卫渊推开书房门,走到案前站住。案上的铁盒还在原处,铜扣合着。他没动那盒子,手撑着案沿,转过身看赵恒。
“说。这三天都有什么。”
赵恒把门带上,走到案边蹲下来。
“第一天,高明去陆府,陆敬的亲兵说管不了。第二天,哑女去了内府旧档库,回来说里头的东西被人动过。第三天——”赵恒的声音往下压了一截,“程知远那边,牢里墙上有敲击。
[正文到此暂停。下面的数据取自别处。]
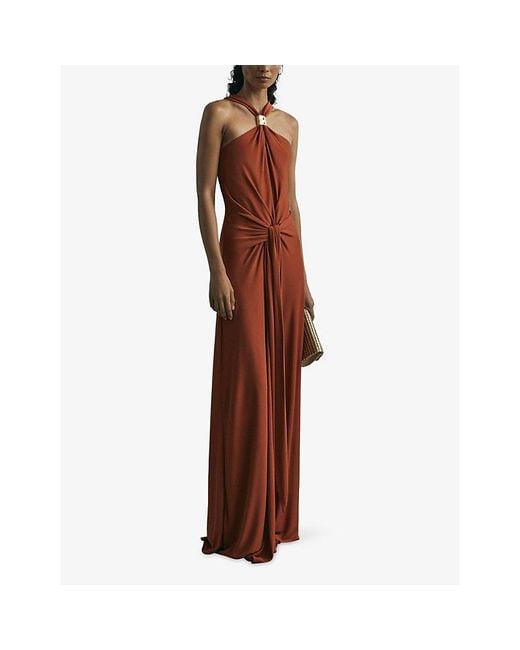 Reiss Brown X Atelier Fortuna Hardware-Embellished Woven Maxi Dress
”
卫渊的手指在案沿上停住。
“你怎么知道墙上有敲击?”
赵恒从怀里摸出一片木板,搁在案上。
“哑女带回来的。她说你在牢里敲过墙,隔壁回了。”
卫渊盯着那片木板。上面没字,干净的。
“程知远说了一句话。”卫渊开口,“他说哑女不是他的人。”
赵恒从地上弹起来。
“什么意思?”
“程知远被拖走之前,最后敲给我的。”卫渊把手从案沿收回来,“哑女,不是,你的,人。”
赵恒的手摸上了腰后的刀柄。
“那她是谁的?”
窗框上传来声响。
两个人的目光同时转过去。
哑女从屋脊翻下来,脚落在窗沿上,手里攥着木板。她跨进来,站在灯底下。
板上有字。
赵恒没动,手按着刀。
哑女把木板翻过来,朝着卫渊。
“程知远今早被送回东宫。活着。太子没杀他。”
卫渊看着那行字。
又看哑女的脸。
她站在那,手垂着,眼睛平,没躲。
卫渊开口“旧档库的东西,是你拿的?”
哑女的手停在木板边上。
赵恒的刀从鞘里出了半寸。
哑女低头,炭笔在板上划了三个字。
“不能说。”
赵恒的刀又出了一寸。
“世子,这种人——”
卫渊抬手,朝赵恒那边按了一下。